A. Sufficiency of Notice

[4] Camaj asserts that the IJ abused her discretion in denying his petition because [p]ersonal service was practicable at the time of the [ ] proceedings.” Appellant Br. 8. In support of this contention, Camaj states that:

INS agents at the [East Jefferson Street location] welcomed the persons who had hearings, reviewed their hearing notices, checked the list to make sure they were on the hearing list for that day and even provided water and bathroom facilities for the persons attending hearings. All that would have been required to personally serve the Petitioner would be for the IJ to fax the order with the new date, time and location from the Chicago Immigration Court where she was located to the [East Jefferson Street location] where the INS agent could have handed it to the Petitioner. Certainly in 1995, the INS government office located at the [East Jefferson Street location] would surely have had a fax machine.

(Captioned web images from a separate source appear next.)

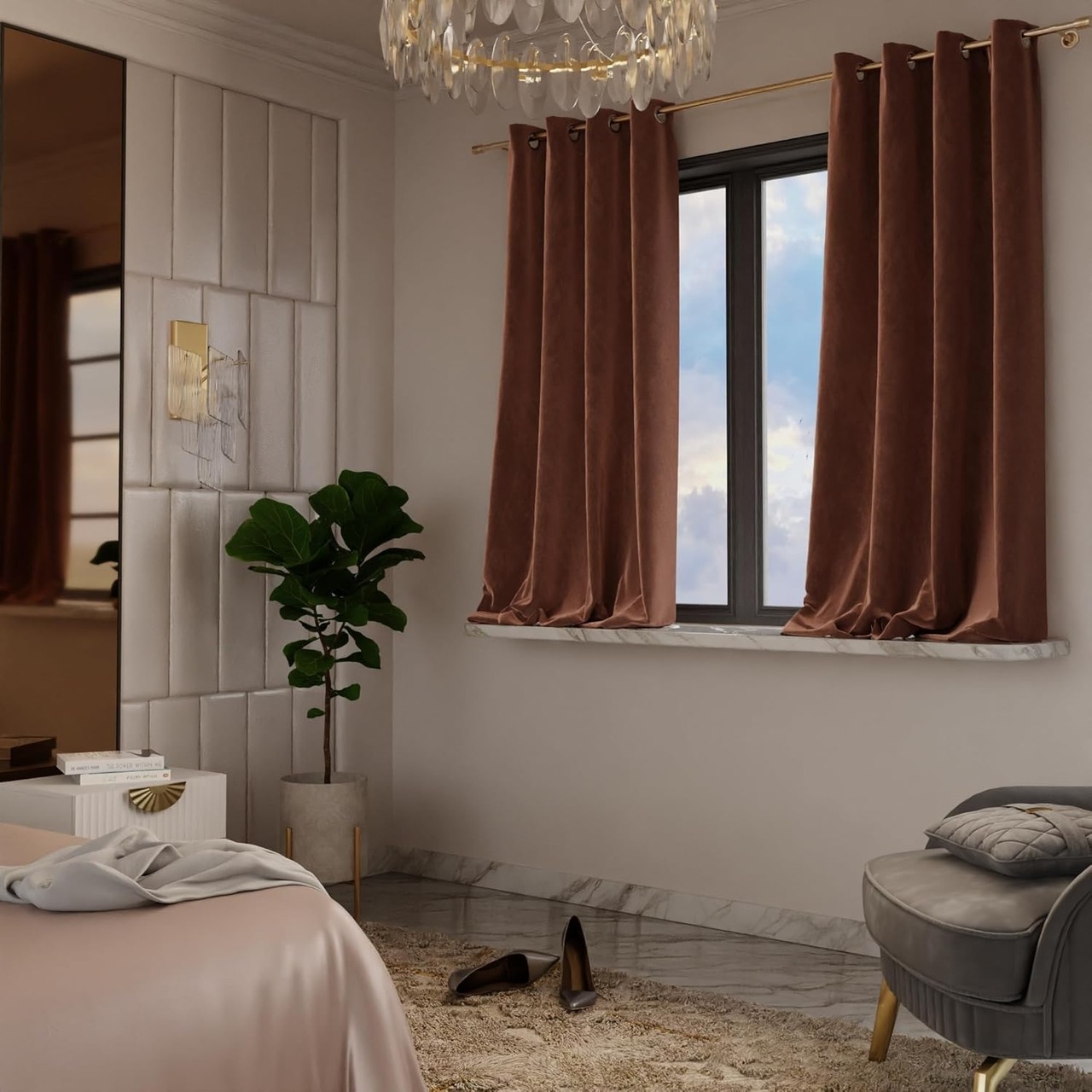 Stoa Paris Velvet Curtains for Window, Premium Dim-Out Curtain for Living Room, Bedroom, Home Decor, Parda with Easy Grommet Installation, Pack of 2, Date Night - Caramel Caress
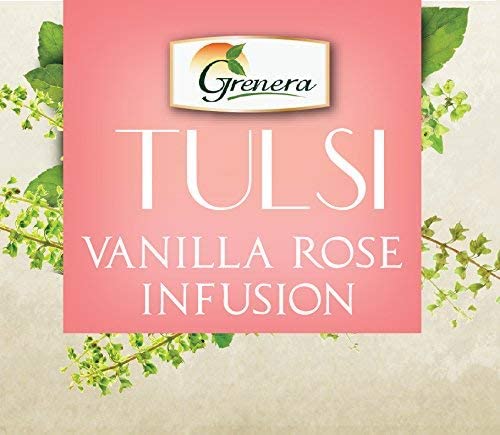 Grenera Tulsi Vanilla Rose Infusion 25 Tea Bags | Made with Organically Grown Holy Basil Leaf, Lemongrass, Licorice | Caffeine Free, Staple Free(FROM INDIA) SAB - View 2 of 3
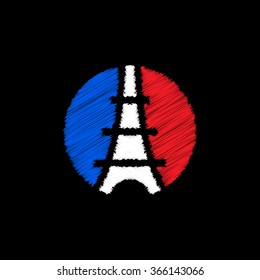 Football or soccer France Euro 2016 logos. Eiffel Tower Logo Paris. Icon design. Vector Illustration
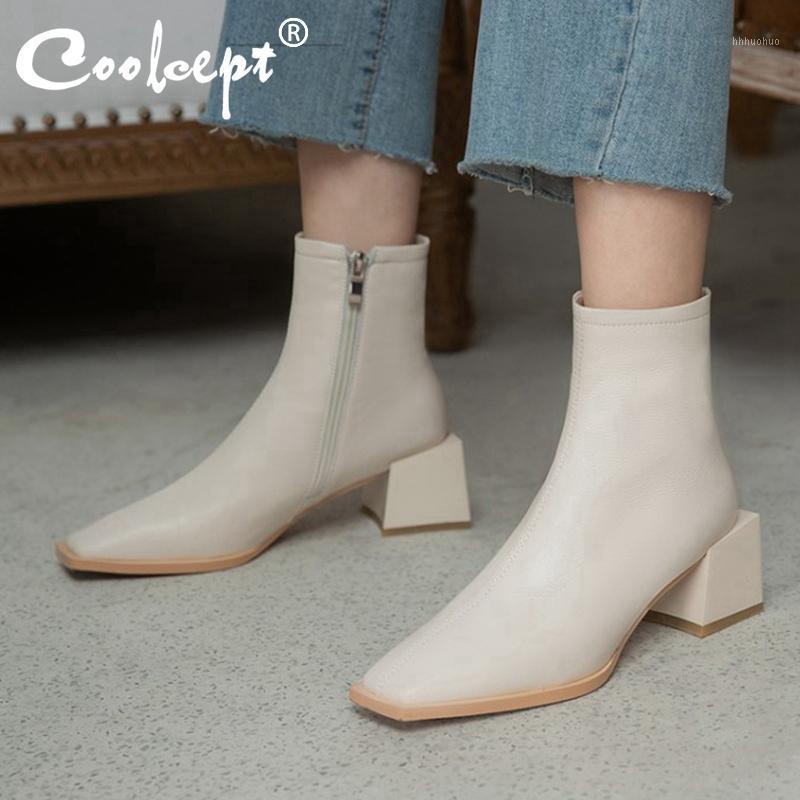 Coolcept Real Leather Women Ankle Boots Fashion Zipper High Heel Winter Shoes Woman Warm Short Boot Lady Footwear Size 34-401, Beige
Coolcept Real Leather Women Ankle Boots Fashion Zipper High Heel Winter Shoes Woman Warm Short Boot Lady Footwear Size 34-401, Beige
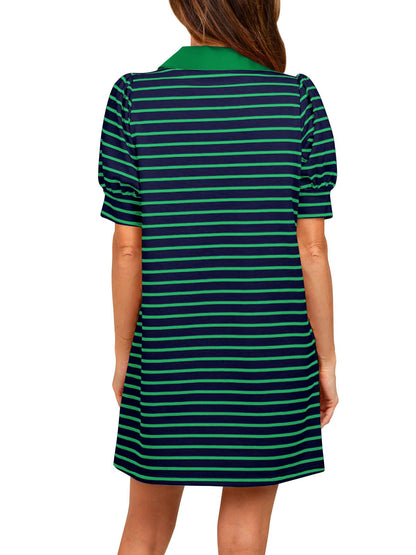 Women's Striped Puff Polo T-shirt Dresses with Pockets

Appellant Br. 8-9. However, Camaj supplied no evidence establishing these facts, even though he bore the burden of doing so. 3 See Scorteanu v. INS, 339 F.3d 407, 411 (6th Cir.2003) ([I]n seeking recision of an in absentia deportation order, the burden rests on the movant to demonstrate ... improper notice....”) (citation omitted). Rather, he submitted only his sworn affidavit, a memorandum filed by the INS in 1996, a partial transcript of the April 27 hearing, and a map given to him by INS agents directing him to the proper location of the September 25 hearing. J.A. 112-15. None of this evidence describes the personnel or technology present at the East Jefferson Street location. Moreover, during the evidentiary hearing, the IJ inquired into the basis for Camaj's assertions regarding available personnel, but found his explanations unconvincing. See J.A. 81-85. The IJ consequently relied upon Dobson's uncontroverted affidavit to find in-person service of notice upon Camaj impracticable. J.A. 13-14. Given the dearth of evidence supporting Camaj's claim, the IJ's finding did not constitute an abuse of discretion. The court therefore finds that the service of notice upon Camaj's counsel by certified mail fulfilled the notice requirement of § 1252b(a)(2).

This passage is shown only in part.